In late 2021, Joe Morrow, the 23-year-old man who claimed that U.S. Bank refused to cash his check after racially profiling him and alleging the paycheck was fake, was arrested. Of course, Joe Morrow got his justice and received a settlement, but that doesn’t change the fact that centralized banks can be influenced to make bad decisions by a simple human bias.
Cryptocurrencies are completely free of the control of third parties. This decentralized nature minimizes human interactions, which makes them free from biases. Cryptocurrencies don’t judge or profile you, centralized banks do.
A lot of platforms today do share your data with third parties. But it’s one thing for a social media platform to collect your data and another thing for a bank to collect your sensitive information like passport or ID information, residence address, SSN, and employment information.
For banks, these types of information are required because they operate on a trust-based model, or specialized mechanisms required to respond to a certain threat profile.
Instead of being upset with Tiktok or Facebook for mishandling or selling your data, the real evil-doers here are centralized banks.
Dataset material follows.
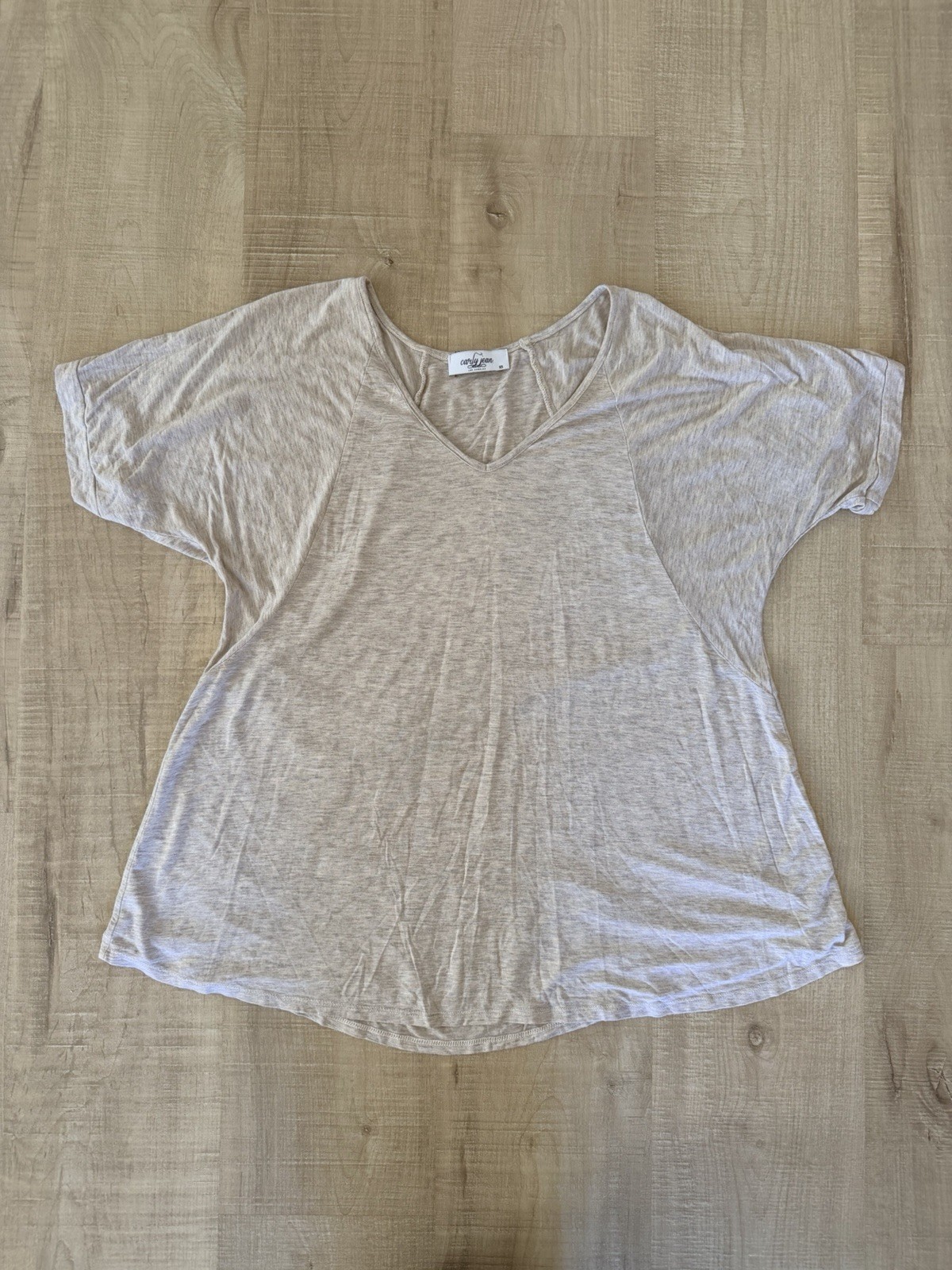 Carly Jean Los Angeles Women’s Beige V-Neck Short Sleeve Stretch Tee Size XS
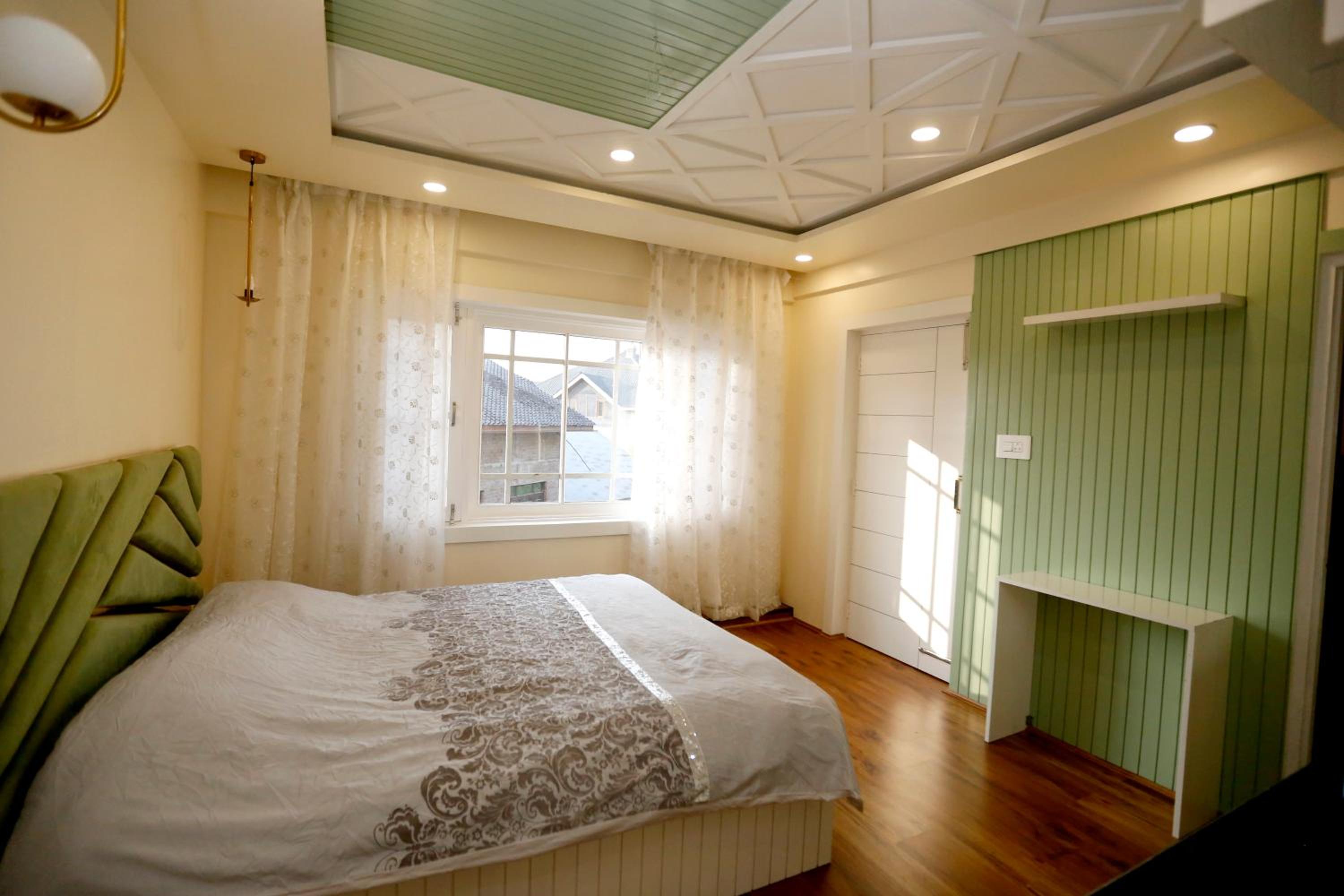 Two-Bedroom Apartment - Photo 3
Purchases show where you are, what you like, and much more. Centralized banks can share your personal and sensitive data with their affiliates or partners or third-party buyers.
Not only do banks steal money from you, but they also make money off of you. How can you trust banks if you can’t even trust them to take care of your personal data or money?
Banks suffer an average of 85 attempted serious cyber attacks a year, and one-third are successful, according to a survey by Accenture. Skilled hackers and engineers can hack many web portals and mobile banking apps. As a result, some people end up losing large sums of cash from their accounts or getting scammed.
The systems are also prone to fraud and especially money embezzlement. As a result, a loss of hard-earned money. Now with crypto, threats like those are less likely to happen since there’s no central source of power due to its decentralized nature.
Instead of relying on one central source of power, crypto relies on a distributed network of computers all over the world. Crypto is more secure and reliable since they’re tamper-resistant because they use anonymous ID numbers in transactions.
There’s always some potential for fraud or security risk, whether it’s centralized or decentralized. However, when it comes to dealing with people’s finances, privacy, and data, people tend to choose machines more than humans any day.
With the power of cryptocurrencies, people don’t have to suffer from the flaws of the modern financial system. While crypto as a whole is still in its early stages, millions of people already benefit from the advantages of cryptocurrencies and blockchain. People deserve better.